The time and dedication necessary for a successful application is finally made evident to you. You realize that you didn’t put in the effort necessary to warrant a successful application. And you’re pretty bummed out. There’s a sense of failure you feel because you thought you could wing it. You thought everything was under control.

So here’s the deal:

I do not want you to be that person! The fact that you’re reading this means you must take law school applications at least a little bit seriously.

However, as a law school admissions strategist, I wanted to share with you the value of putting effort into your law school application. And then I’ll give you all the details you need about law school admissions requirements.

I know you have a lot to offer an incoming law school class, which is why I want to give you ALL. THE. THINGS. you need to know for your law school application.

Here is your ultimate guide to law school admissions requirements.

Remember, you don’t want to be that person who tries to wing it. You can live above that and see yourself thrive. It might just take some intentional work. I believe you have that in you. ☺


Law School Admissions Requirements: An Overview

Let’s dive in together to explore the five law school admissions requirements and the three optional pieces to the admissions puzzle. The requirements for applying to law school may seem straightforward if you look at it as just a few things you need to do, but each element of your law school application tells the admissions committee something about your character.

Here are the eight pieces to law school admissions requirements:

1) College Transcript/Undergraduate Studies

2) LSAT score

3) Law School Application Resume

4) Law School Application Personal Statement

5) Law School Letters of Recommendation

6) (Optional/Only Some Schools Offer This) Interview

7) (Optional) Diversity Statement

8) (Sometimes Optional) Addendum


The Ultimate Guide to Law School Admissions Requirements

1) College Transcript/Undergraduate Studies

Law school applicants are required to submit their college transcripts to the law schools of their choosing. Your transcripts will give the law school admissions committee an overall objective view of how you are as a student. They will look at your grades and the courses you chose to take during undergrad. They will also weigh the rigor of your courses with your academic performance.
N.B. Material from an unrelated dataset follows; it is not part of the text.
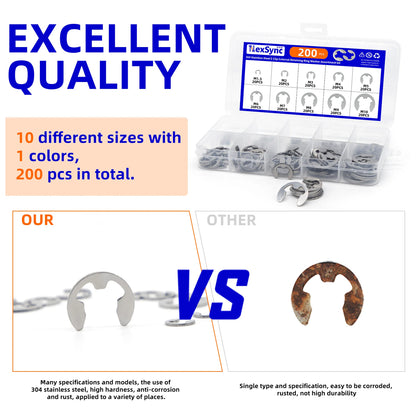 200pcs E-Clips M1.5-M10 Circlip Washer Kit 10Size Stainless Steel Retaining Ring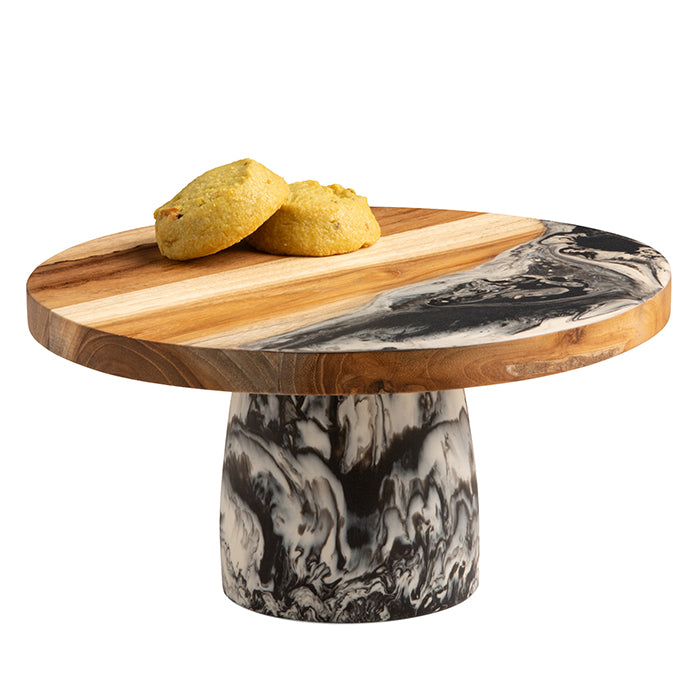 Austin Resin/Teak Black Swirled Cake Stand - Thumbnail 3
Your undergraduate transcript shows the admissions committee a lot more than just your GPA. While applying to law school with a solid undergraduate GPA is advantageous, you need to consider the potential repercussions of taking courses that will only pad your GPA instead of challenge you as a student.

A rounded approach to choosing a major and then selecting the right accompanying courses matters more than seeing a 4.0 GPA in underwater basket weaving. Let’s be real here for a second. Some majors and courses are far easier than others. Don’t let this deter you from pursuing what matters to you, but if you’re still in college and have the option to choose courses, think about this. How will the courses you take with the grades you earn affect the way the admissions committee might view you? Some students choose to double major so they can pursue their passion and also be challenged academically. This helps them gain skills necessary for law school while giving them an outlet for their interests.

2) LSAT score

Your LSAT score is another key law school admissions requirement. Your GPA and LSAT score are two of the first things law school admissions committees may notice about you as an applicant. They aren’t the only determining factors (those other pieces are crucial as well!), but those scores do serve as an equalizer amongst applicants. Reading essays and reviewing resumes is a little more subjective than looking at scores. And since the LSAT is taken by nearly everyone who applies to law school, it’s the ultimate way to compare applicants who went to different colleges and have different backgrounds.
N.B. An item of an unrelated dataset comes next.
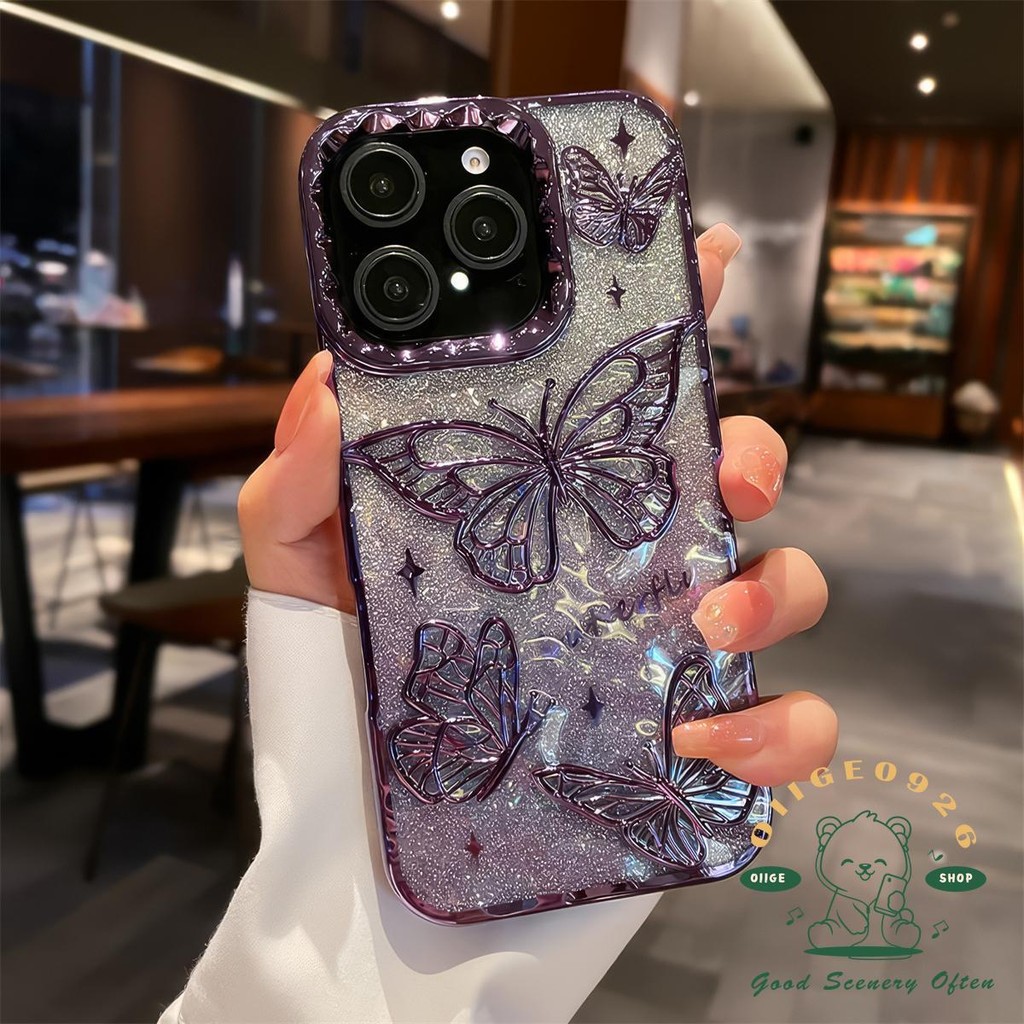 【 Ốp lưng iphone16 】 Vỏ điện thoại mạ bướm màu sa mạc iphone16 Pro Max 15 14 13 12 11 cho vỏ iPhone Vỏ mềm silicon TPU chống sốc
Since the LSAT is now offered six times per year: January, March, June, July, September, and November, you should have plenty of time to take it. Go into the exam as prepared as you can possibly be. Whether you choose to take an LSAT prep course or do the self-study route, be sure you study hard and smart.

You know yourself better than anyone, so think about the study routines that work for you. Set a schedule and stick to it. If you need extra accountability with LSAT prep, enlist a friend who is also studying for the LSAT to be your accountability buddy. This could mean you study together or it could mean you check in regularly for an honest conversation about how you’re doing. This is not the time to go it alone. Ask for help when needed!

What about the GRE for Law School Admissions?

So by now you’ve probably heard murmurings about how some law schools are now accepting the GRE with law school applications in lieu of the LSAT. This is true. After Harvard paved the way with their decision to allow GRE takers to submit their scores for their law school applications, other law schools chose to follow suit. While the LSAT is still very much the law school admissions exam of choice, if you’ve already taken the GRE (and haven’t taken the LSAT) and have a solid score, you can consider submitting that score in your application.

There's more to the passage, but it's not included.